I sit in a chair and play on my phone and watch a passel of girls drinking out of bags at one of the tables. Then I help (read- make everything much more difficult) McLean with trying to hang up all of TheatreLAB's publicity clippings with garrotte wire and s-hooks on what appears to be a chunk of pier stuck to the wall. Or maybe that was the table. I'm pretty hung up about that table.
That goes well, and then Maggie comes out and tells me we are going to start soon. House is opened. I am told almost immediately that no, I may not be seated in the brown leather chair onstage, so I take a seat in the back row by the sound board where I am pretty confident no one will sit next to me because I like to go to things by myself.
There are many people striding around looking mildly concerned and very industrious because this is a big new project with a lot of elements which is having its first audience. So all this makes sense. I say hello to the costume designer Emily who is awesome and to Anthony. He has on a red shirt. I don't remember what color Emily's shirt was.

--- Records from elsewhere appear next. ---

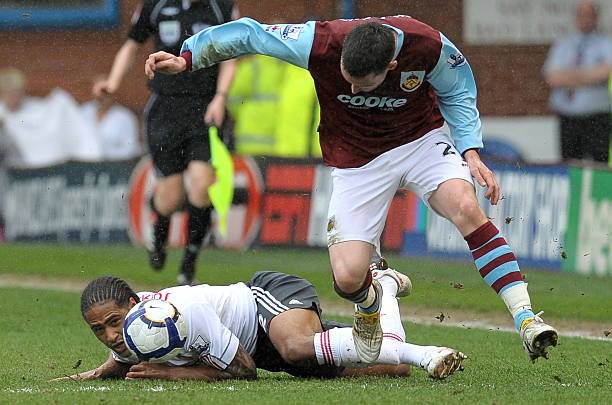 南京室内田径世锦赛:吴艳妮破全国纪录.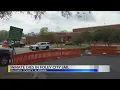 Inmate dies at Foley Municipal Jail Major Crimes Unit of Baldwin Co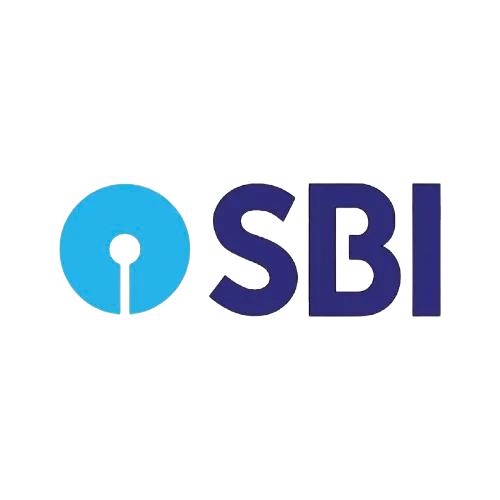SBI Logo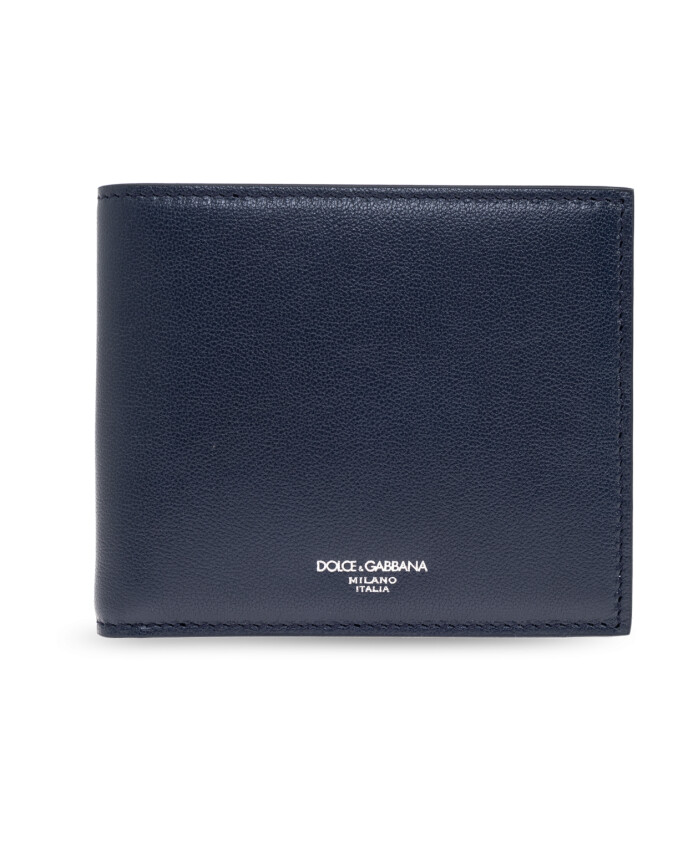 wallets-andamp-cardholders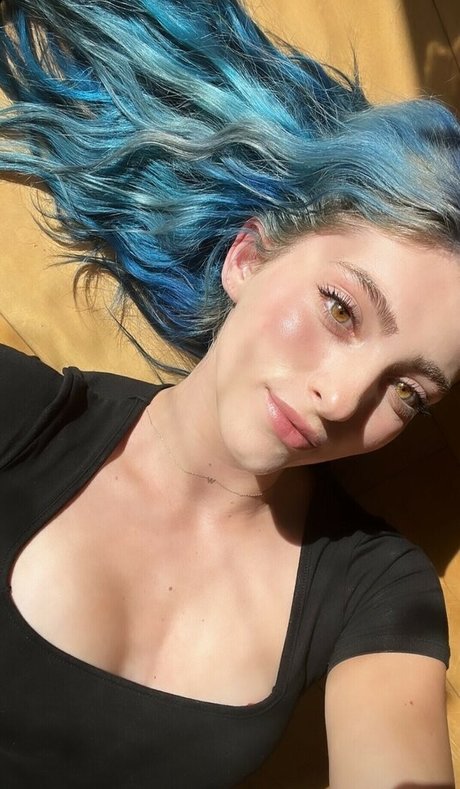 russische muschi nur fans exklusive sexy bilder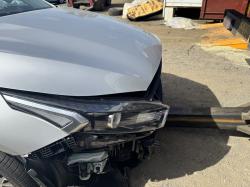 2024 Kia Cerato image 3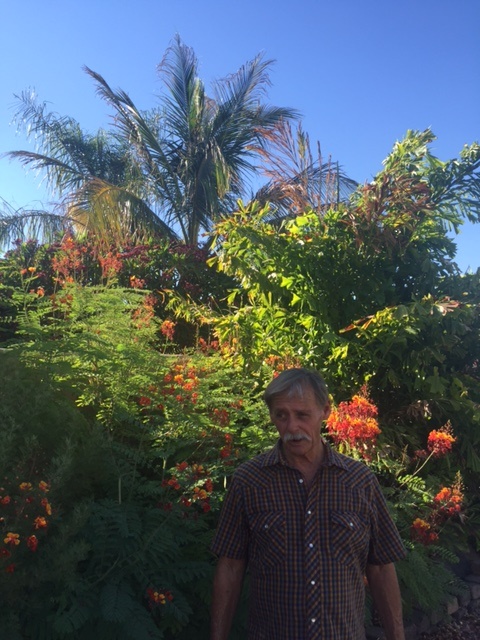 IMG_6225.JPG.58c1ad26e24f6b96ec42a480dac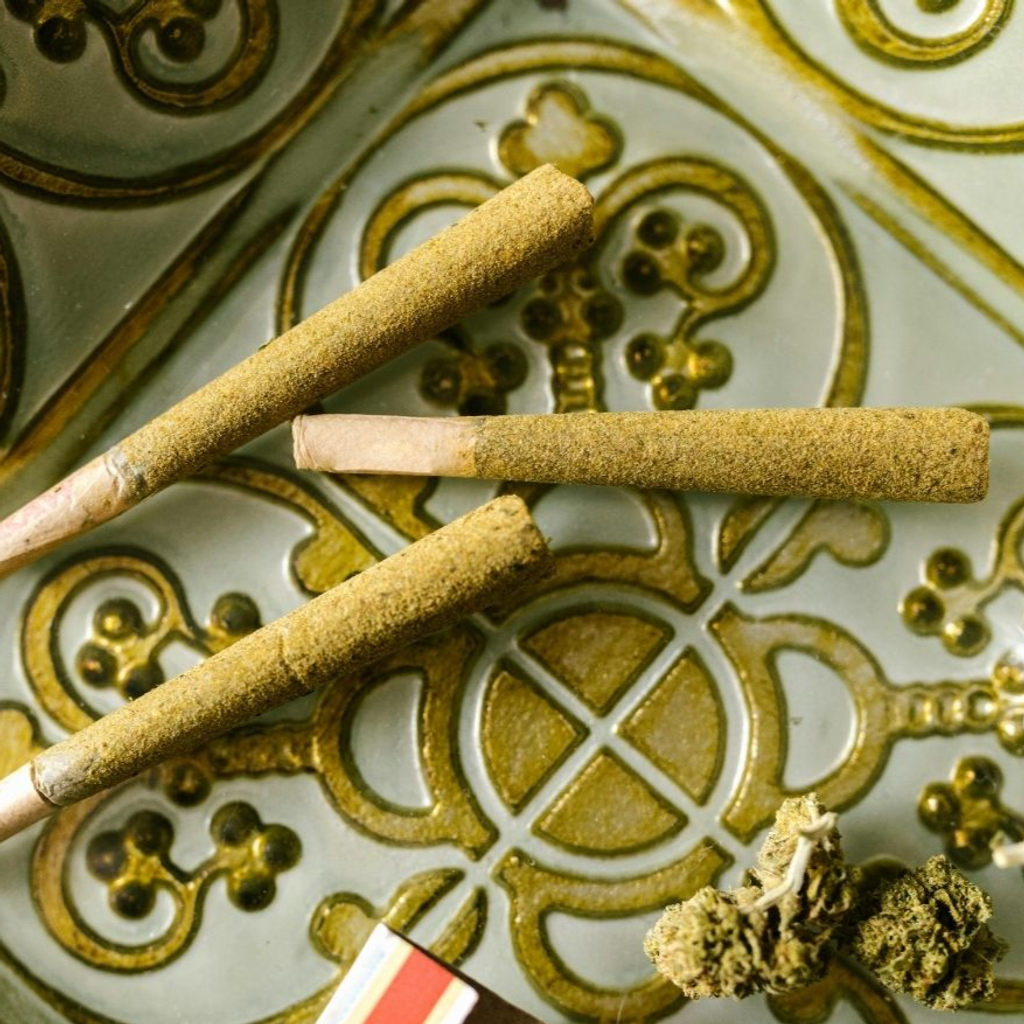 Is Same-Day Weed Delivery in Ottawa Worth It? Pros, Cons, and What to Expect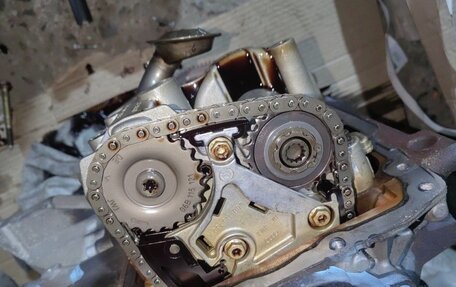 Audi A4, 2007 год, 600 000 рублей, 12 фотография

Probably because every time I talk to her I start thinking about how much I liked that green dress she got for me to wear in "The Importance of Being Earnest" and trying to devise ways in which I might persuade the VCU Theatre Department to let me just, you know, have it.
I am wise to "Hedwig and the Angry Inch" because about a year ago Adam and Maggie and Matt and I made burritos in my kitchen as we are wont to do and watched the movie. I also watched a recording (which I'm not sure if I'm supposed to know exists) of the Firehouse Theatre Project production starring JB Steinberg over at JB's apartment one night when we were planning to watch "Anne of Green Gables" but then Hedwig came out, Robyn O'Neill came over, wine got opened and Steve Perigard got a questionable voicemail instead. So, I was not surprised when members of the band started milling about. I didn't know any of them. One of them had red hair. One of them looked like a cross between John Story and Jason from Hardywood who I see on Matt's front porch with some regularity. That one, incongruously, had a glitter in his hair. But I think this was secret glitter. Secret mostly from him. Starlet was there, looking fab, and then, as per usual, the drummer was kept in a plastic box over somewhere out of the way so he doesn't damage people. There was another fellow wandering around as well, who I noted, after a passing observation, had a very attractive section of himself between his hips where his jeans cross his private area. I guess you'd call that a groin. It was Bianca. So that was good- well played TheatreLAB and Spin, Spit, & Swear.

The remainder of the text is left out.